The "What Am I Even Doing Here?" Clarity Providers
And then, for those of us who felt like we were constantly stumbling around in the dark, there were books that offered a much-needed dose of clarity. These were the ones that helped you figure out what you actually wanted, and whether your current romantic situation was a stepping stone or a dead end. They were the spiritual equivalent of finding your keys when you’re already late for work.
Modern Love: True Stories of Love and Loss in New York City edited by Daniel Jones
Okay, so this isn't strictly a "how-to" relationship book in the traditional sense, but in 2015, this collection of essays from The New York Times column was HUGE. It showcased the incredible diversity of love and relationships. You’d read about a couple who met on the subway, another who navigated a long-distance romance through grainy webcam calls, and someone who found love in the most unexpected, sometimes heartbreaking, ways. It was a beautiful, messy, and utterly relatable tapestry of human connection.

Reading these stories was like eavesdropping on a thousand different dating experiences. You’d nod along, tear up a little, and maybe even laugh out loud at the sheer absurdity of it all. It reminded us that love isn't a one-size-fits-all affair. It’s unique, it’s often strange, and it’s always a story worth telling. It was the antidote to the perfectly curated, airbrushed lives we were starting to see on social media.
The surprising fact? Many of these essays were originally published as anonymous submissions. This anonymity allowed for an incredible level of honesty and vulnerability, making them resonate even more deeply. It proved that sometimes, the most profound truths come from the quietest whispers. And in 2015, when everyone was shouting into the digital void, those whispers were a precious commodity.

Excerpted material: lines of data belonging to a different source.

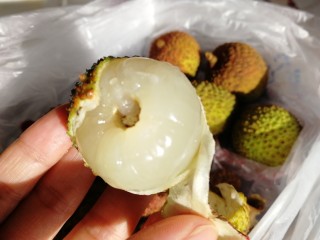 5、杨梅荔枝饮,剥外皮。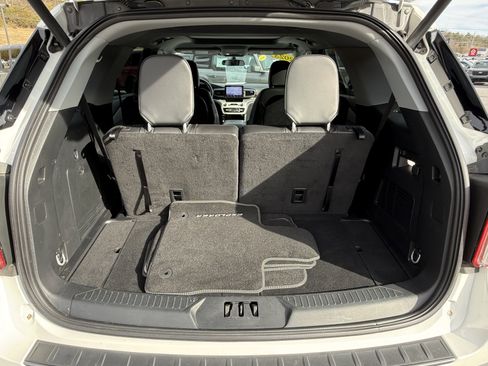Used 2023 Ford Explorer XLT w/ Equipment Group 202A image 13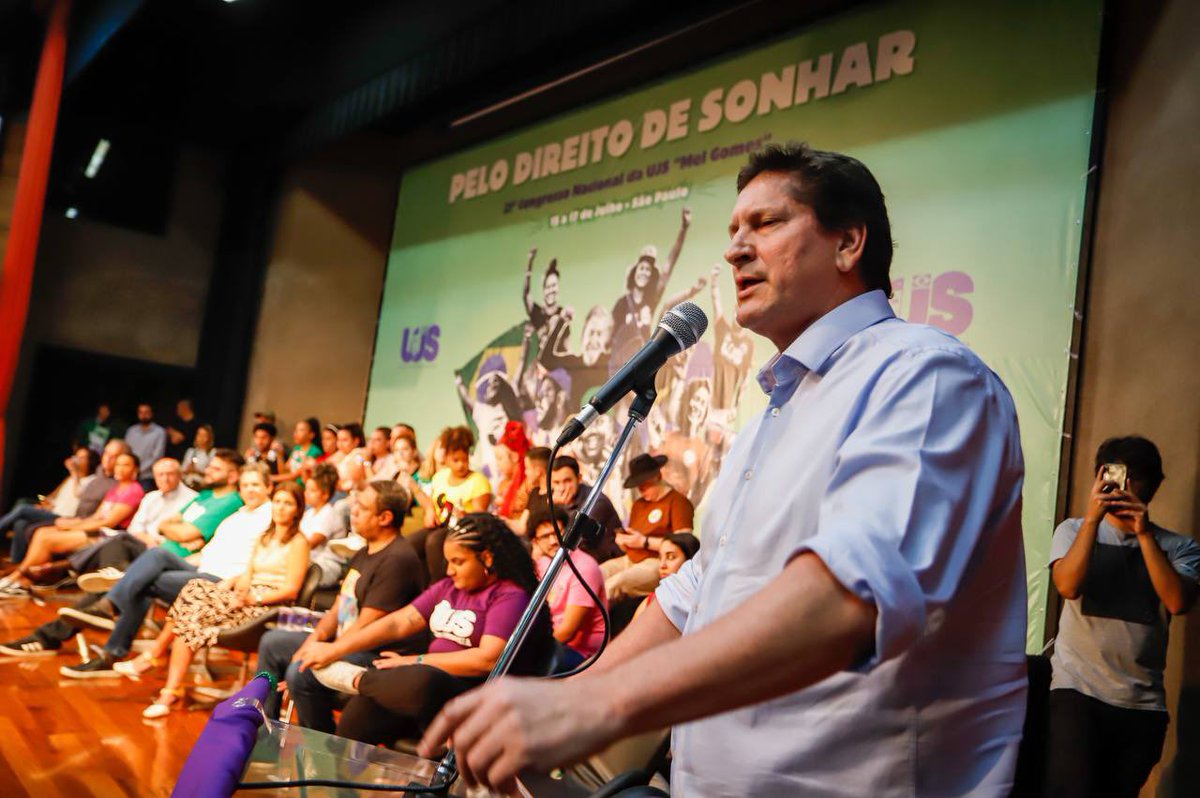 UJSBRASIL's tweet photo. Se encerra agora o ato político: UJS com Lula pelo direito de sonhar, com importantes lideranças e inúmeros jovens ocupando São Paulo! ✊💥
#21ConUJS https://t.co/8vzT8VmkZ5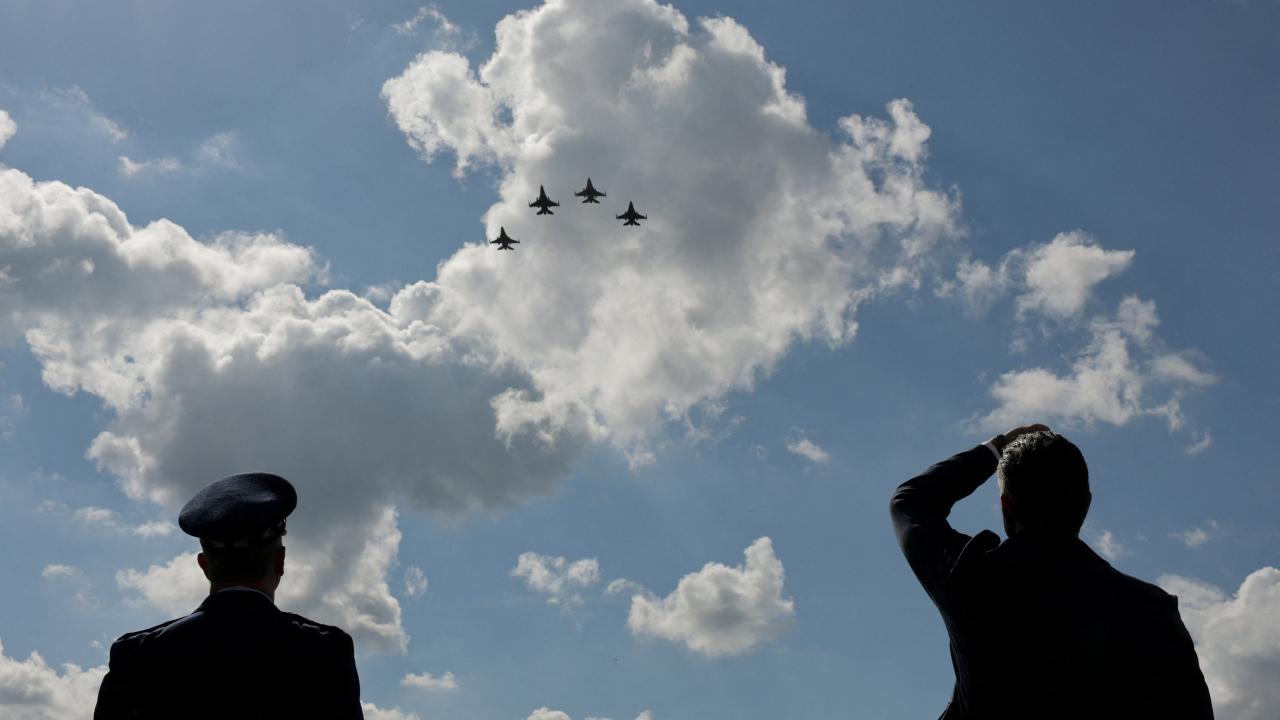 ABD'li Senatör'den Pentagon'a tedarik zincirlerini gözden geçirme çağrısı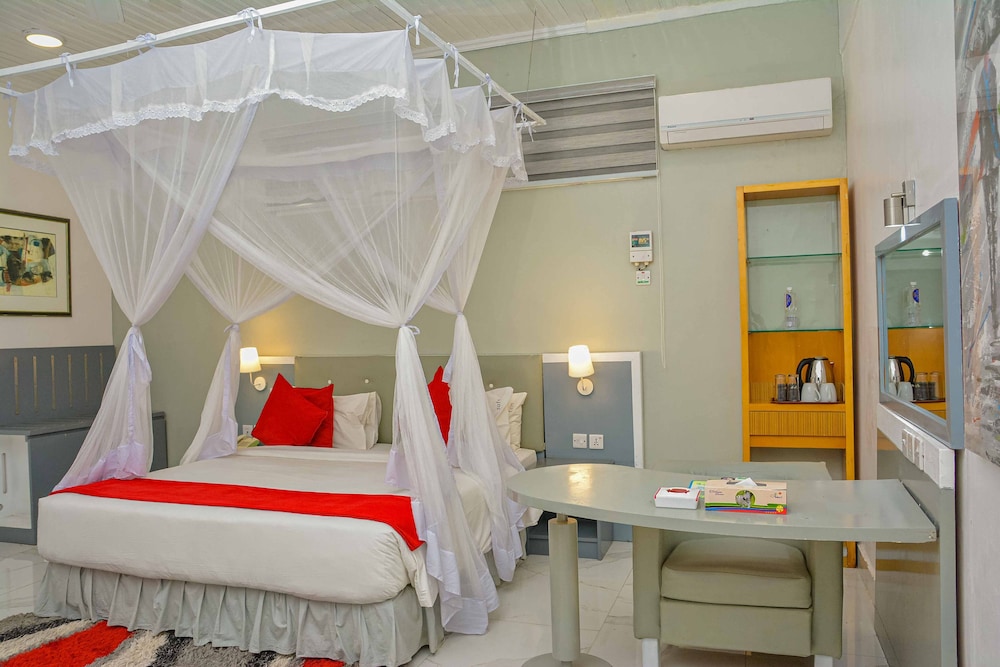 Best Western Jangwani Sea Breeze Hotel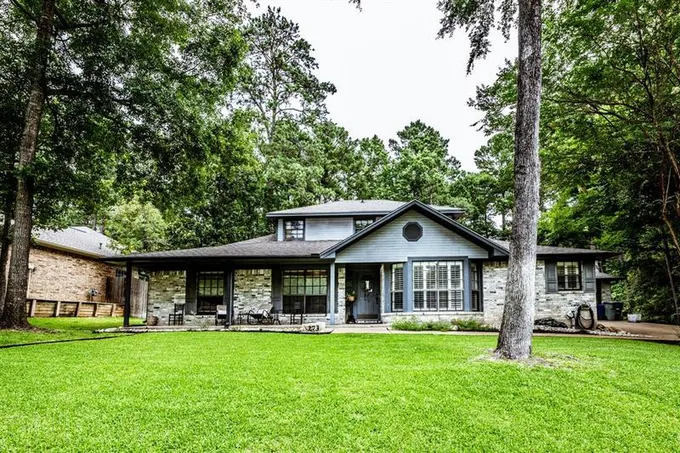 273 Broadmoor, Huntsville, TX 77340 for Sale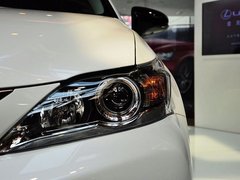 2013款 200h 1.8L CVT 暗夜骑士版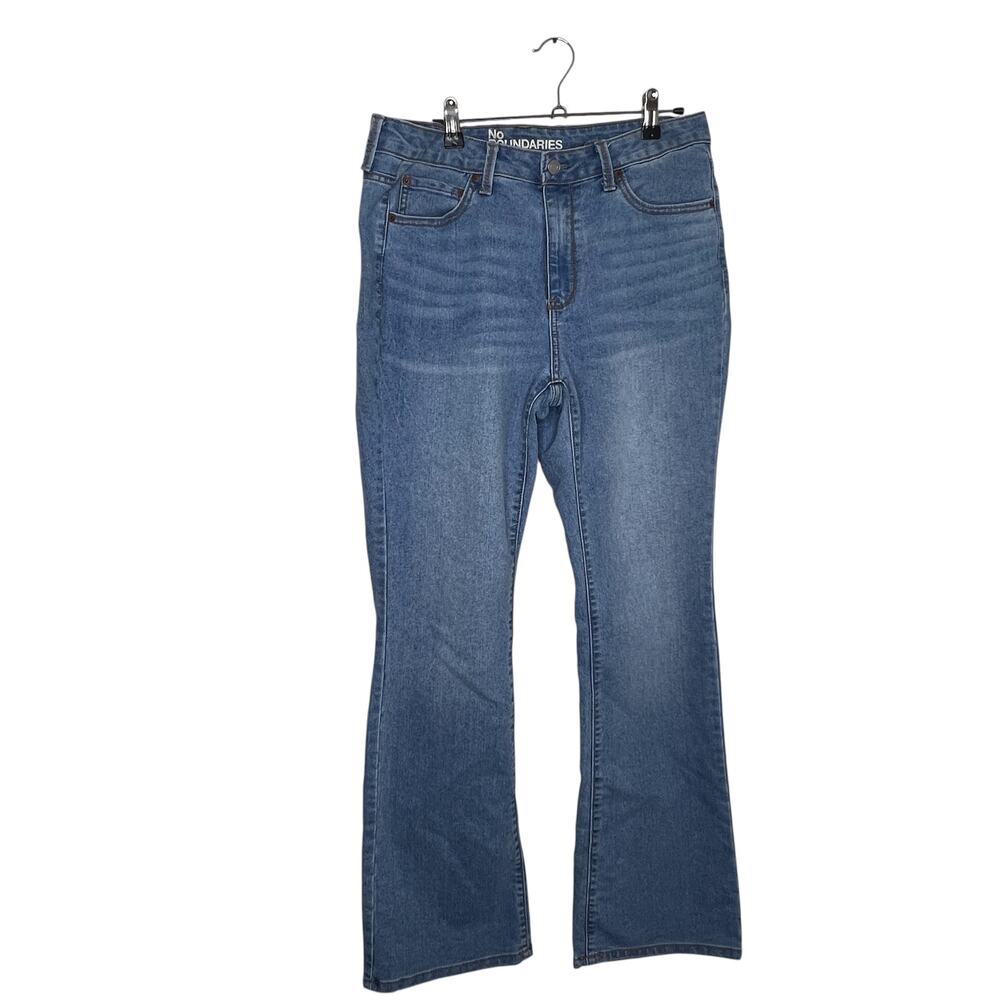 No Boundaries Blue Light Wash Flared Jean Size 12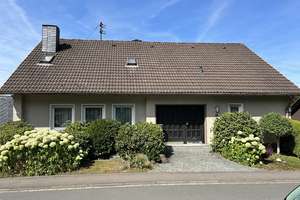 VR IMMO: Netphen, großzügiges Einfamilienhaus mit Einliegerwohnung in unverbaubarer Toplage! – Die vollständige Adresse der Immobilie erhältst du vom Anbieter., 57250 Netphen – Vorschaubild 3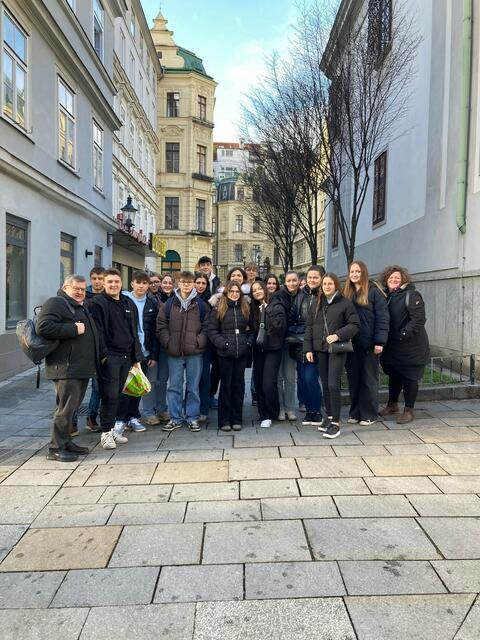 Die 3AK auf dem Weg zur Gruft.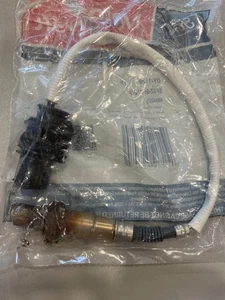 Motorcraft DY-1120 or Ford 8F9Z-9F472-B Oxygen Sensor - Picture 1 of 4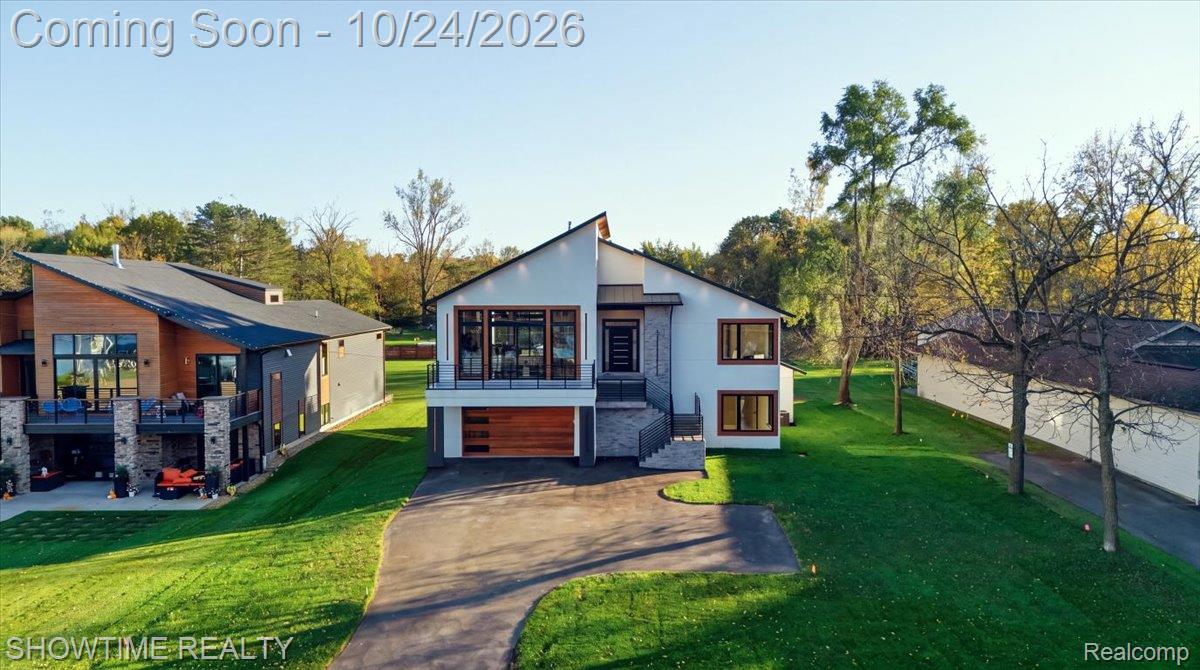 2105 S Long Lake Road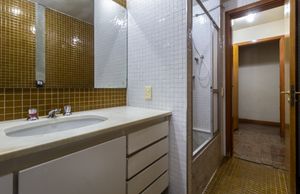 Image 15 - 897326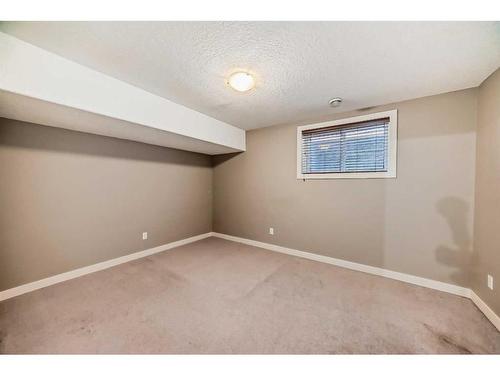 162 Sherwood Hill Nw, Calgary, AB - Indoor Photo Showing Other Room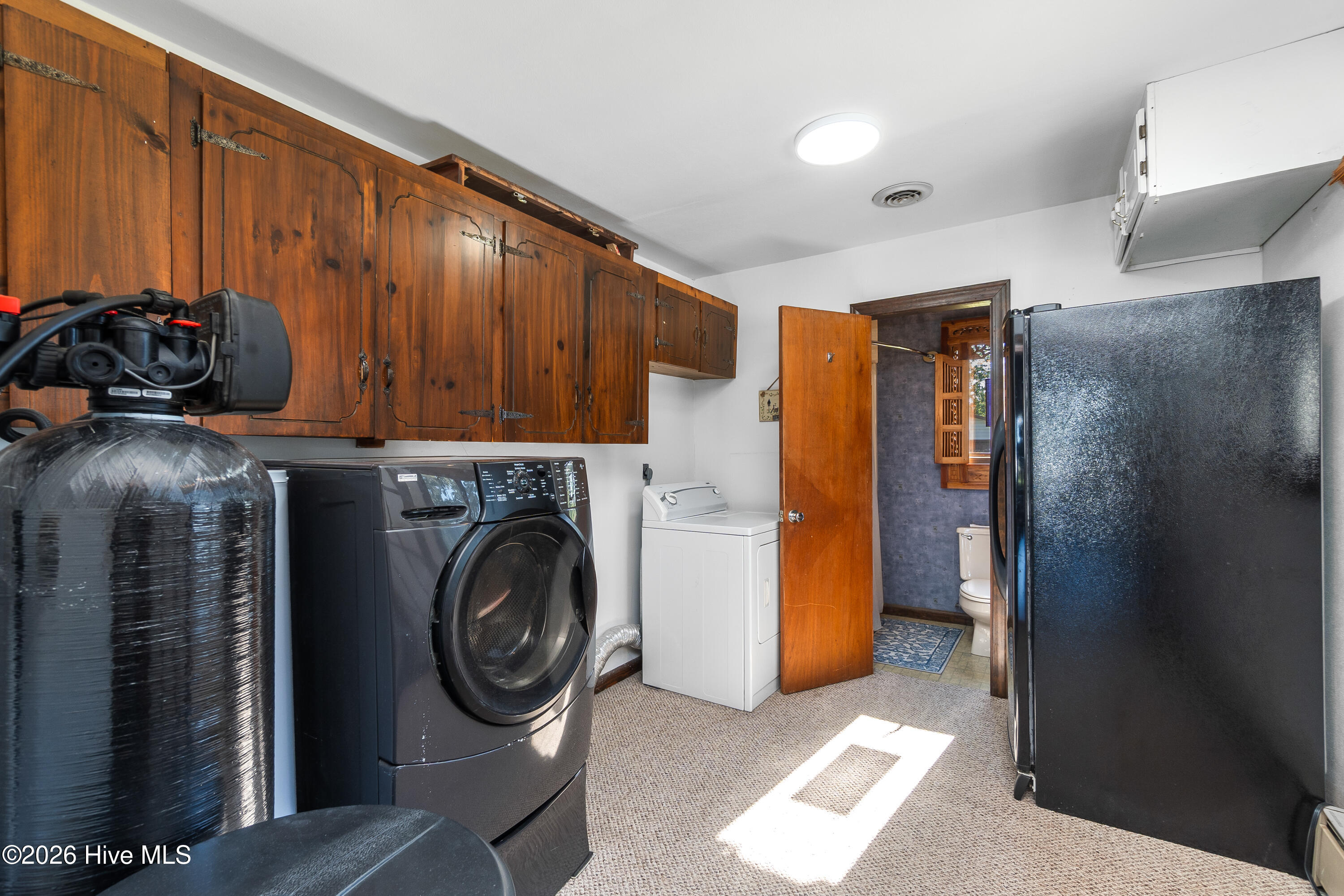 Utility laundry full bathroom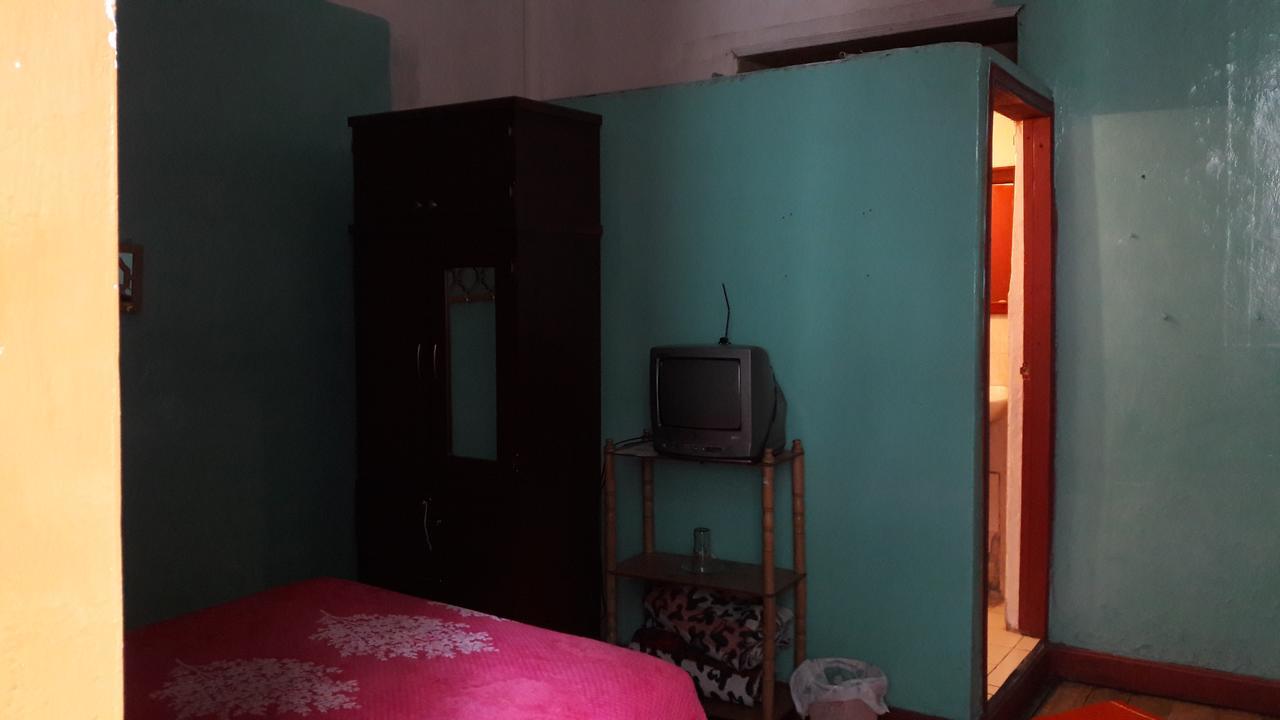 Hostal La Chorrera Quito Esterno foto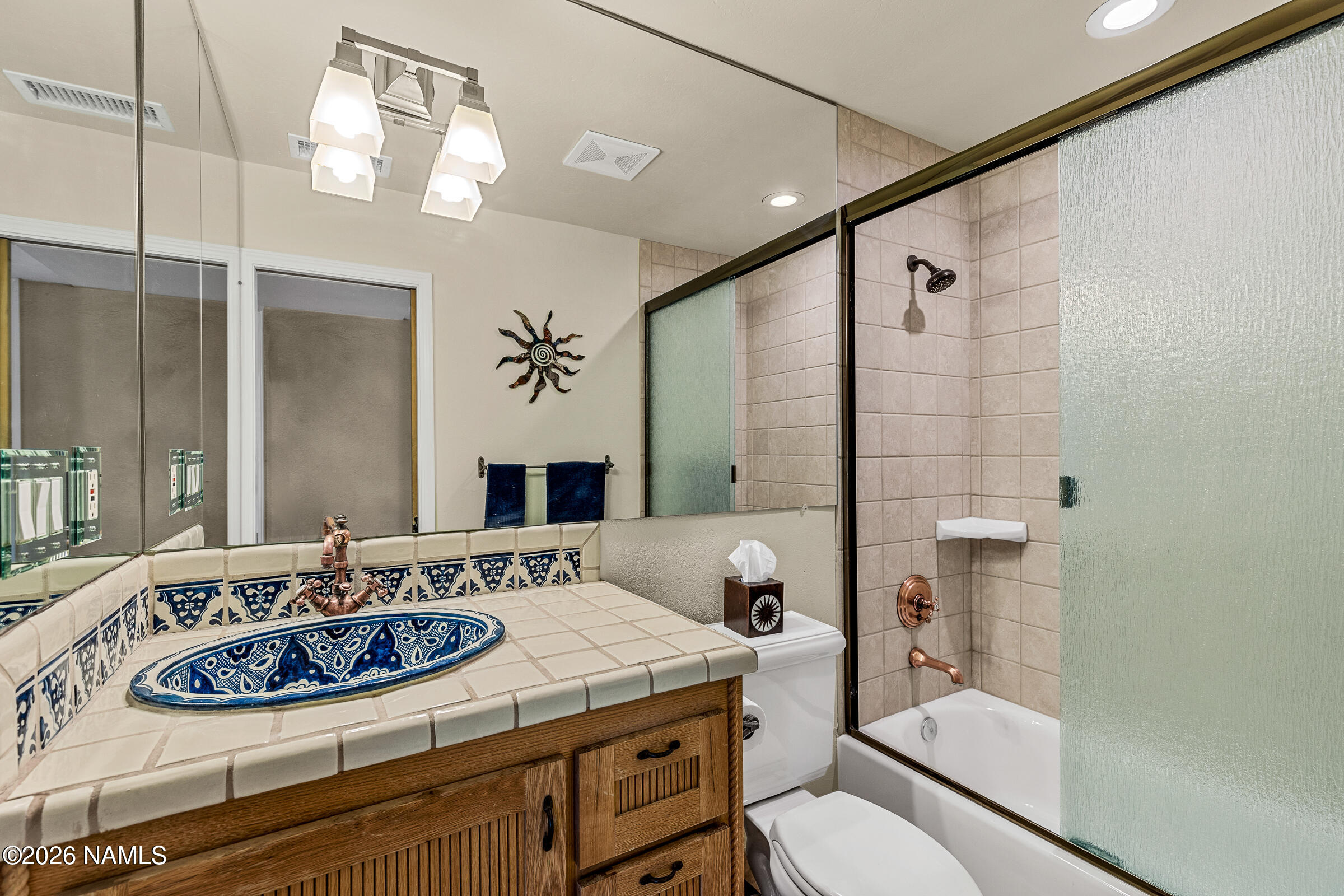 8921 Hulls Road Flagstaff, AZ 86004 - Photo 43 of 80 Bathroom #2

So there you have it. A little trip down memory lane to 2015, a year filled with awkward first dates, questionable fashion choices, and a whole lot of love-seeking. These books, and many like them, were our guides, our therapists, and sometimes, our comic relief. They reminded us that even when love feels like a puzzle with missing pieces, there's always a way to keep on trying, learning, and maybe, just maybe, finding that perfect fit. Now, who’s ready for another latte?